Epic Games has launched the free open beta for its new third-person perspective PC and PlayStation 4 multiplayer online battle arena (MOBA) game, Paragon. While the game has no official release date, it’s the first big step towards building a large player base and community for the 5v5 MOBA. If successful, that will essentially lay the potential eSports groundwork for this cross-platform action strategy game.

“We’re making a very competitive game,” said Steve Superville, creative director on Paragon at Epic Games. “We’ve seen a lot of companies come out and say, ‘Hey guys, here’s the next great eSport.’ And the community is like, ‘Hang on a second. We’ll tell you when it’s a good enough game.’ So our focus from the beginning has been making a highly competitive game, engaging with our community because they’re going to tell us what works and what doesn’t, and eventually—if they ever bring us to eSports status—we’ll be thrilled to support them.”

The community has already begun running Paragon tournaments without Epic’s help. “We’ve seen a couple of tournaments that run for the EU and North America,” Superville said. “Germany just ran their first tournament a few weeks ago and Russia has run a couple since then.

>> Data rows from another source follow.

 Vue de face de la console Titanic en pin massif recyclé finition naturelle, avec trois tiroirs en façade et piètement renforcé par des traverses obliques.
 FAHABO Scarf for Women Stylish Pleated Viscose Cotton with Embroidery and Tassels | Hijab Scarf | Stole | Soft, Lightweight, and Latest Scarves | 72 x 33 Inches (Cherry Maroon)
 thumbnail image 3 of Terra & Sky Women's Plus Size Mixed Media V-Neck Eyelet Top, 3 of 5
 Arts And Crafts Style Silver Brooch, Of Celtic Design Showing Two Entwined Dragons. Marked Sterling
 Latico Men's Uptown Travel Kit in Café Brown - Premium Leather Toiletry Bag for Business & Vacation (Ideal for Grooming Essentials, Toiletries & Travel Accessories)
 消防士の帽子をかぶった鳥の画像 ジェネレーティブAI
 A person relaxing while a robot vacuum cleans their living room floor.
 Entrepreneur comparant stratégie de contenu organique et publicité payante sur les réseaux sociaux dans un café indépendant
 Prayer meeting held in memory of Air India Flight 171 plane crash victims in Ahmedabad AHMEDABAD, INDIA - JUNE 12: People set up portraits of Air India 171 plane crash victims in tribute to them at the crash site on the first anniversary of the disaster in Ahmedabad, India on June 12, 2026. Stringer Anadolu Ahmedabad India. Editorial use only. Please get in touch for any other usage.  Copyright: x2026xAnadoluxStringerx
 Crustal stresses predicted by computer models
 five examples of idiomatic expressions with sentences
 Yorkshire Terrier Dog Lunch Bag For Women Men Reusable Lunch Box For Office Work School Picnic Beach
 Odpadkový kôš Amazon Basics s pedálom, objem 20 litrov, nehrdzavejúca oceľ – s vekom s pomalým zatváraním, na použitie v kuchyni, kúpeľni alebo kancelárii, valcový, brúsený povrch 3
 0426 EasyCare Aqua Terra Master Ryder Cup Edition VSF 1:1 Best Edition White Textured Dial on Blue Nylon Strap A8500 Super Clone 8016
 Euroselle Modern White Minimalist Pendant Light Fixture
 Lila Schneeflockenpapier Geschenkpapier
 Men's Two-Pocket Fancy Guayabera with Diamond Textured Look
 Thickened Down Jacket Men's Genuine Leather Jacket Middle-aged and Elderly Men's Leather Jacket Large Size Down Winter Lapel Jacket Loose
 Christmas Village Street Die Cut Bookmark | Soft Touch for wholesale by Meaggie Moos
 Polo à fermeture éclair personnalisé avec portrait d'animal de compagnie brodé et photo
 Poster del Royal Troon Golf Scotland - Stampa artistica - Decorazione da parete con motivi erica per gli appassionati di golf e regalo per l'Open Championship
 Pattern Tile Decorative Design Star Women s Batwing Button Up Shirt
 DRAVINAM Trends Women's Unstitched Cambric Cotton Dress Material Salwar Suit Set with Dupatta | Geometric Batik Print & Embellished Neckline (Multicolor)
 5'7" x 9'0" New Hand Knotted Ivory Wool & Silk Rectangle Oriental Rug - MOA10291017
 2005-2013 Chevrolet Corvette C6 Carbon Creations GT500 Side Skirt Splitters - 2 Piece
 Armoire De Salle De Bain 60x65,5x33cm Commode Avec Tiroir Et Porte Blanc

The community is really enjoying it, but [they’re] also being very communicative and vocal about where we’re falling short, and we are working really hard to fix those things.”

One area where having a dedicated and vocal Paragon community has helped Epic is hero balance. The internal team does a lot of quality assurance gameplay testing, but that pales in comparison to gamers getting their hands on all of the game’s heroes.

“The community will find a broken thing and let us know about it and we try to fix it within the next week or two as we go through our patch cycles,” Superville said. “We patch every week, and the community is often playing about three or four days past what the developers are playing. So they’re right on our heels, and that gives us the most actionable and real-time feedback.”

Epic Games has also designed Paragon for a broader gaming audience. MOBAs are known for being a bit harder for a television audience to follow compared to Call of Duty or Counter-Strike: Global Offensive.

“One of our goals was to make the game feel physical,” Superville said. “In a lot of other games, there are a lot of particle effects that explain what’s going on, and unless you know exactly what’s happening you are lost. For Paragon, we wanted to allow people to just look at the game and enjoy it. My wife is not a gamer and she can see one of our characters, Rampage—who rips a giant rock out of the ground and throws it across the level to hit somebody—and she doesn’t have to know about cooldowns and mana costs and positioning. She just knows that getting hit in the face with a rock hurts and that makes it much more approachable. All of our characters are built with this idea of being physical rather than just purely energy- and magic-based.”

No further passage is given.